• **The task**
Could you copy exactly the lines below, beginning at the line with "1043 Mint,OG,NH... Plate" and stopping after the line with "Mountain Winter Villa", with no pictures?

• **Material for this task**
*** Begin section ***
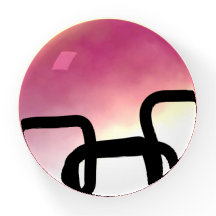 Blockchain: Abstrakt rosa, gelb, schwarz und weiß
*** End section ***
*** Begin section ***
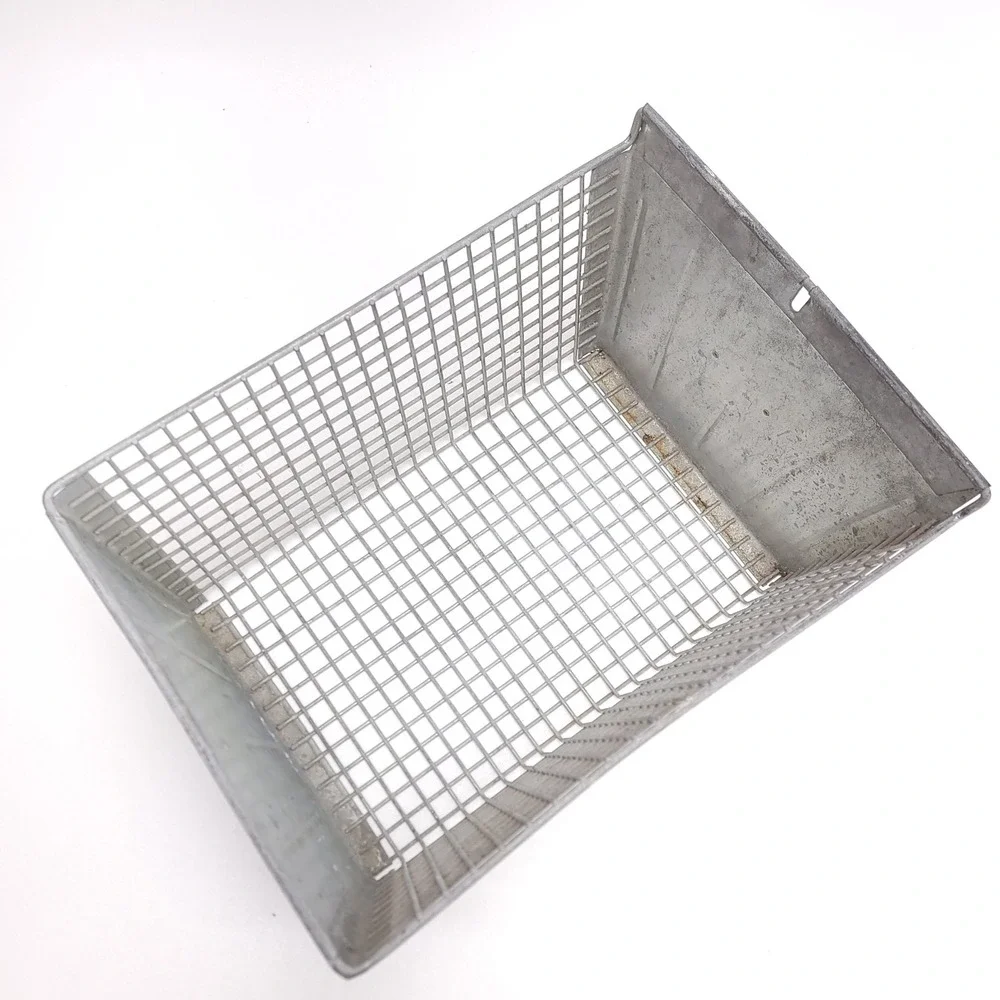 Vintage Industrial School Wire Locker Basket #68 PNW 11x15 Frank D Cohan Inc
*** End section ***
*** Begin section ***
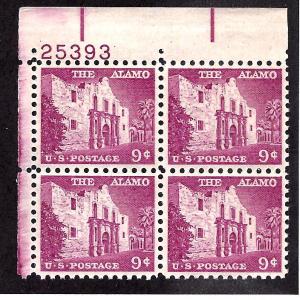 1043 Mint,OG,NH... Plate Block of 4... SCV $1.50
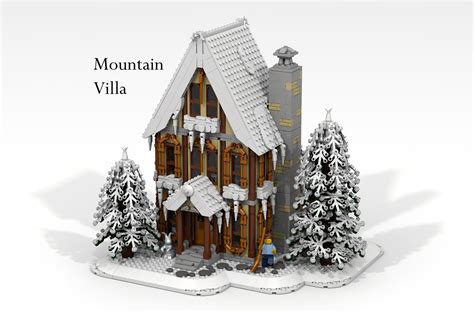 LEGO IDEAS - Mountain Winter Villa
*** End section ***
• **Written response**
 1043 Mint,OG,NH... Plate Block of 4... SCV $1.50
 LEGO IDEAS - Mountain Winter Villa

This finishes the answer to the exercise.